• WHAT YOU ARE ASKED TO DO:
From the listing below, copy only the lines running from the line that contains "Bronze Buffalo On" to the line that contains "Afbeelding van het", both included.

• RECORDS TO PROCESS:
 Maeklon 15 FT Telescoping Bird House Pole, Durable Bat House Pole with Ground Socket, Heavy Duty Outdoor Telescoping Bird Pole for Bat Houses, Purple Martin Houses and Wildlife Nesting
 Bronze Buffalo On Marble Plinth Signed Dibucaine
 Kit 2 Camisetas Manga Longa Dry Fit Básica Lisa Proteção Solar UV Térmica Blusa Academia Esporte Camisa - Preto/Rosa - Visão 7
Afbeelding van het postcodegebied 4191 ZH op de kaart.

--

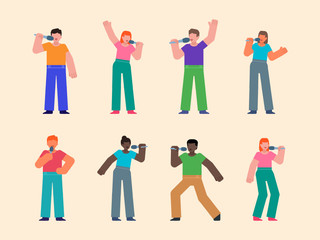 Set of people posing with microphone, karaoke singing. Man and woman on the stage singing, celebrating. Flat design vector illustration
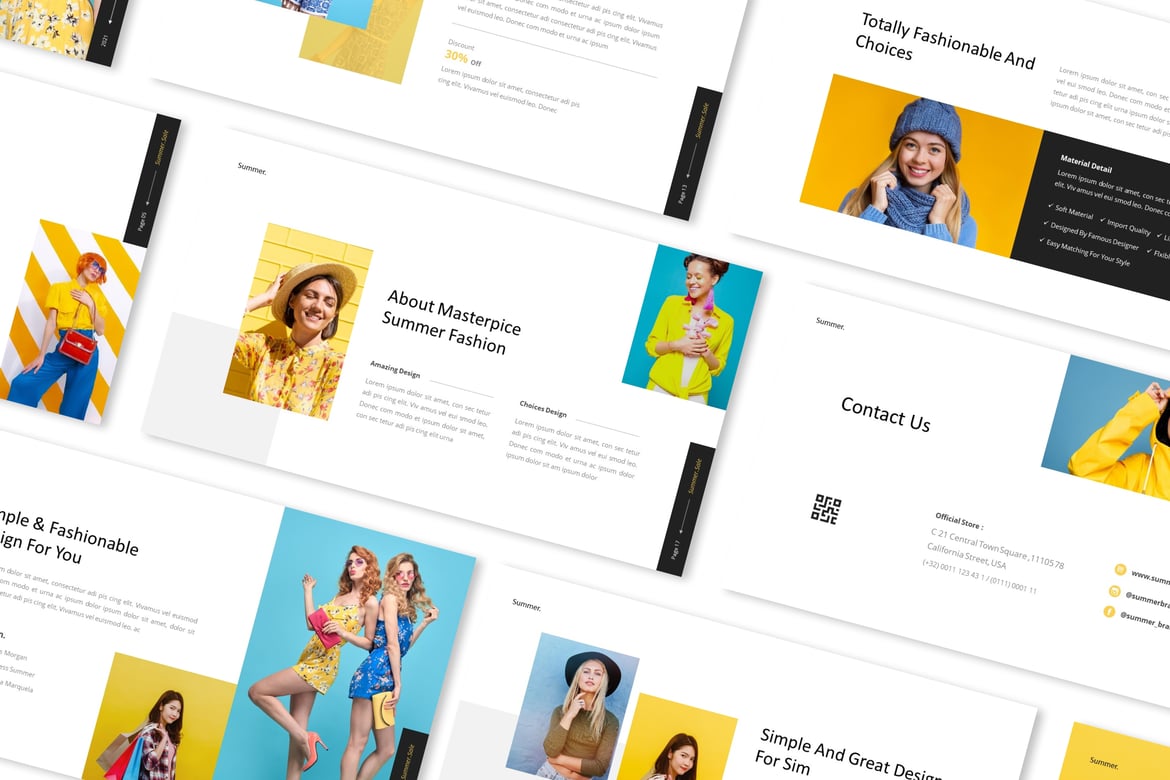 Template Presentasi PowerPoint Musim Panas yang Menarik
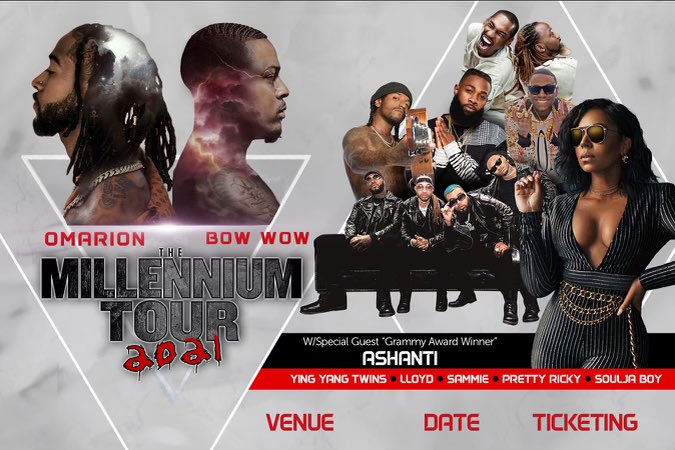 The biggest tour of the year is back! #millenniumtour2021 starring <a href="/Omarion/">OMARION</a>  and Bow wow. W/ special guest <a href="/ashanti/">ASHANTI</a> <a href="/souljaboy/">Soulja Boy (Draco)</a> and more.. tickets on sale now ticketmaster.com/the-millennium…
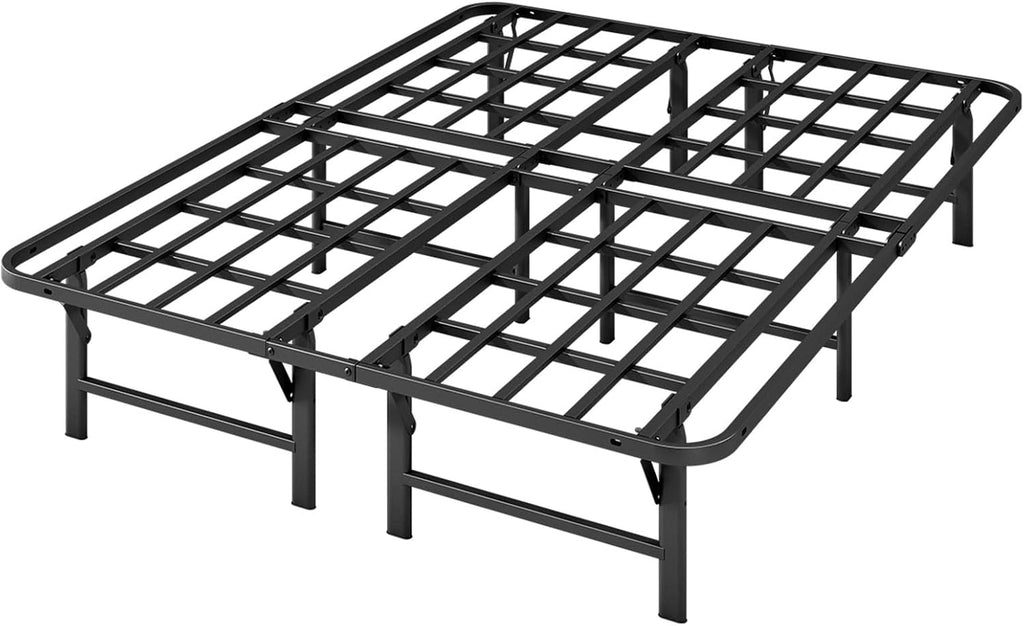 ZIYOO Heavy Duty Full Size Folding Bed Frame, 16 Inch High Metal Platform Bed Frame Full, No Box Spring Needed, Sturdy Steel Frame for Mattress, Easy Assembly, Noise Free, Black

==

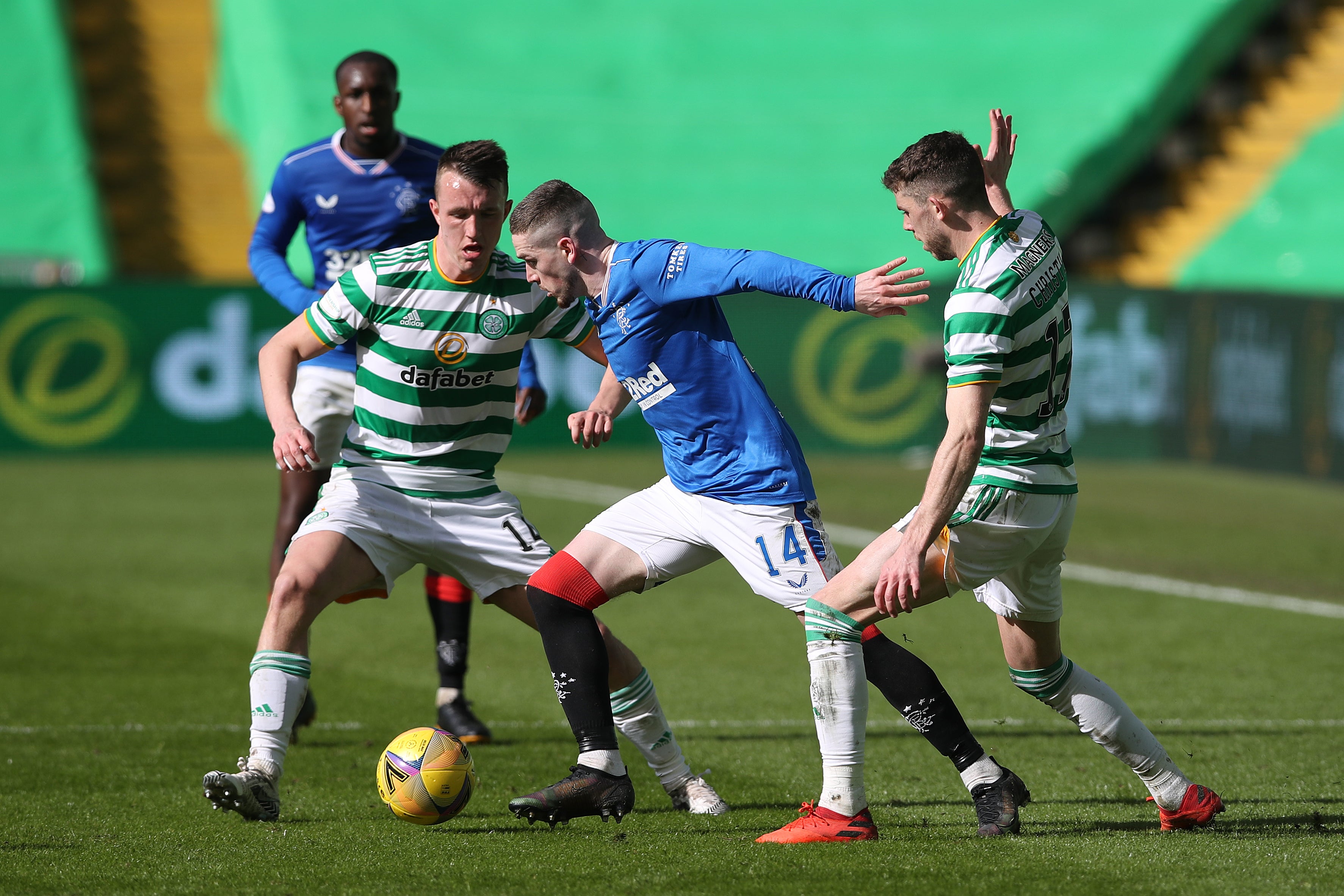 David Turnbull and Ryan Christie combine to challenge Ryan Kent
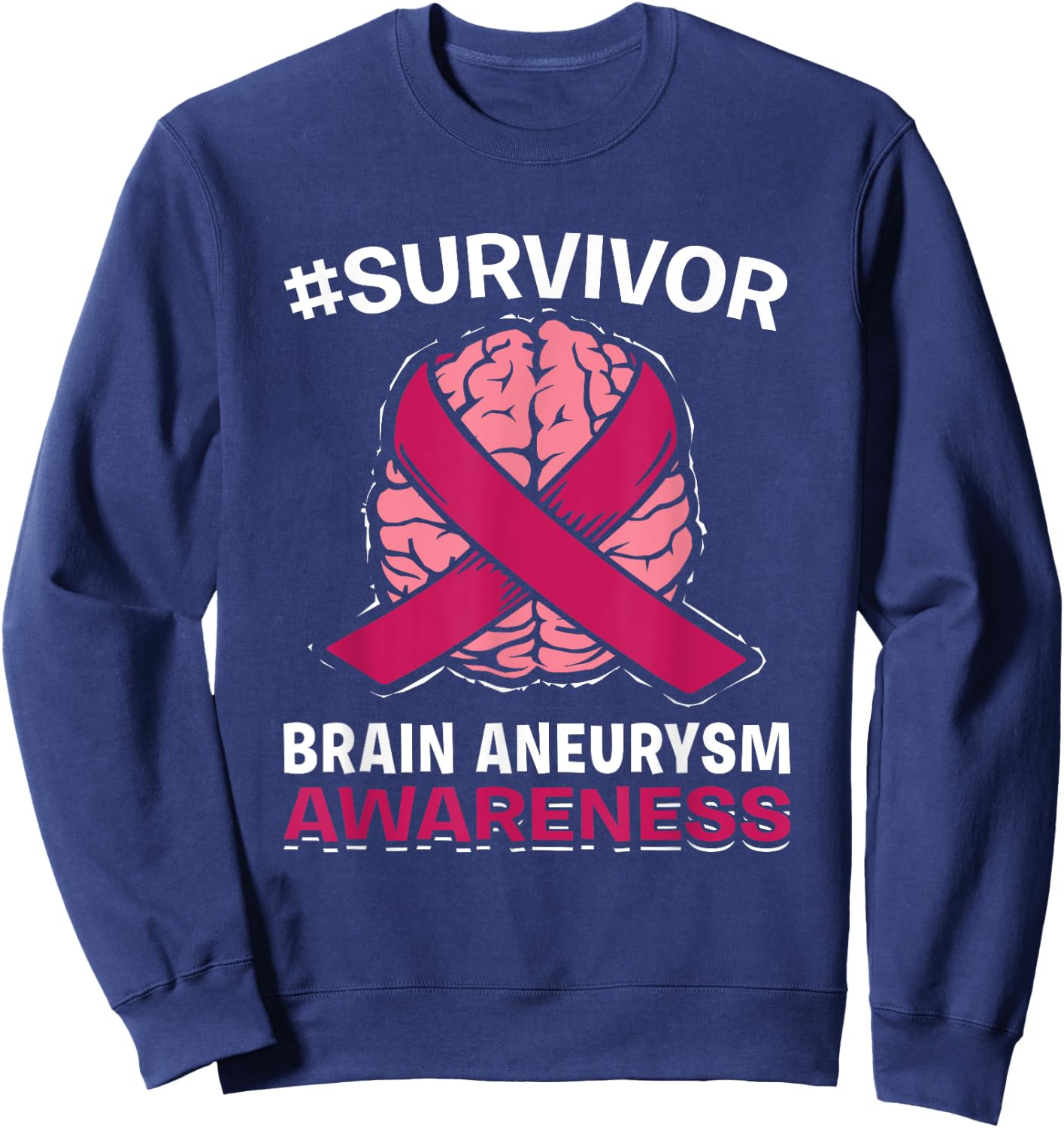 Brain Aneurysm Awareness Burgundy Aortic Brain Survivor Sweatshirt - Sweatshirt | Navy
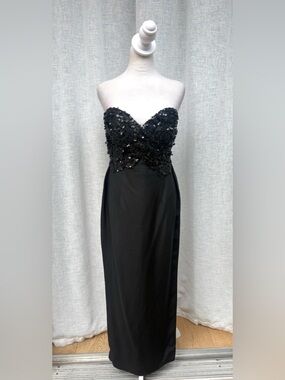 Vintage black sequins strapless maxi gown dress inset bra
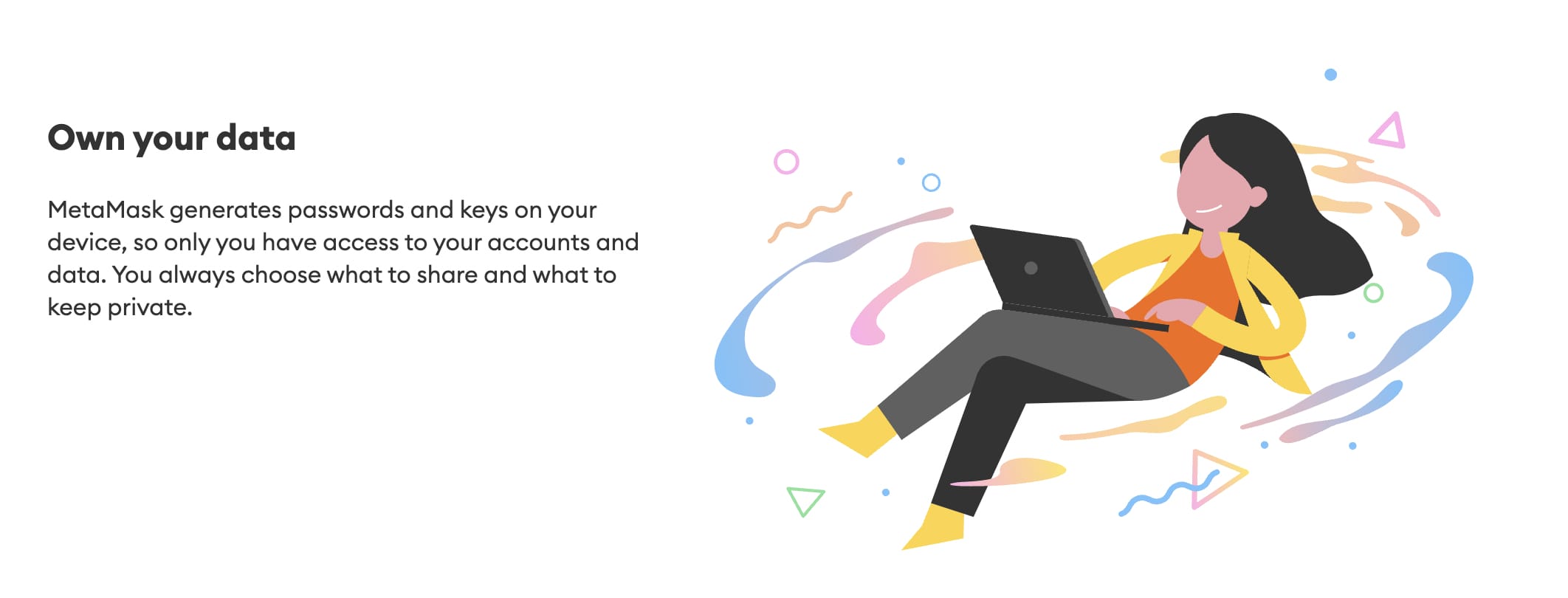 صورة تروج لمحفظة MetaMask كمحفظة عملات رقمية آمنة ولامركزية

• PROBLEM SOLUTION:
 Bronze Buffalo On Marble Plinth Signed Dibucaine
 Kit 2 Camisetas Manga Longa Dry Fit Básica Lisa Proteção Solar UV Térmica Blusa Academia Esporte Camisa - Preto/Rosa - Visão 7
Afbeelding van het postcodegebied 4191 ZH op de kaart.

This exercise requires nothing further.